Is anki the solution you imagine? https://apps.ankiweb.net/ Or is there a use case that anki doesn’t solve?

p-christ|3 years ago

Anki public decks are usually too low quality to be useful unfortunately

segh|3 years ago

https://quantum.country/ teaches quantum computing as essays with embedded flashcards, as a new "mnemonic medium". I wonder if there is a market for context plus flashcards. What if books came with their own spaced repetition decks?

cfu28|3 years ago

At least coming from the medical school perspective - there is a huge culture of using shared Anki decks built off of popular board review books and courses so you can read a chapter/finish a section in some course and immediately jump to Anki to do the corresponding flashcards.

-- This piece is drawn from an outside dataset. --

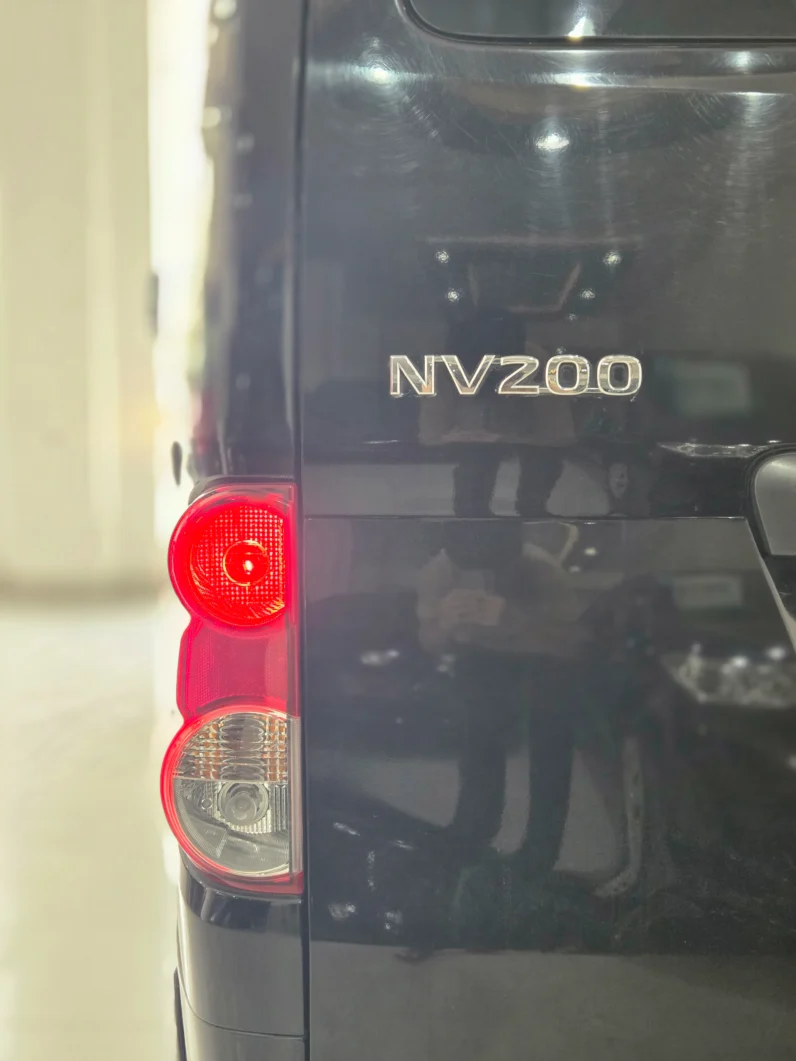 
								Nissan NV200 2018 full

It's gotten so popular that now theres a shared 30,000k card deck called AnKing that a lot of students use. The deck itself is free, but the curators of the deck recently launched a new paid service to automatically update the deck as new cards from the community are added: https://www.reddit.com/r/medicalschoolanki/comments/rb62m6/a...

p-christ|3 years ago

I completely agree. We’ve started building that on Save All and will be going more in that direction in future.

The Anki public decks are usually too low quality to be useful unfortunately

cfu28|3 years ago

I guess it depends on the community. AnKing's deck is the gold standard in medical education community despite being public.

belkarx|3 years ago

Another idea: decent, effective decks of cards exist for other platforms like Quizlet - just figure out how to convert them (there are apparently some extensions that do this as of now)

visarga|3 years ago

You might get more value from cards you write yourself. You should do that when you encounter the information.

an_aparallel|3 years ago

the point of spaced repetition - like Anki is to be involved with the creation process of the deck. Simply downloading it ready is not as effective.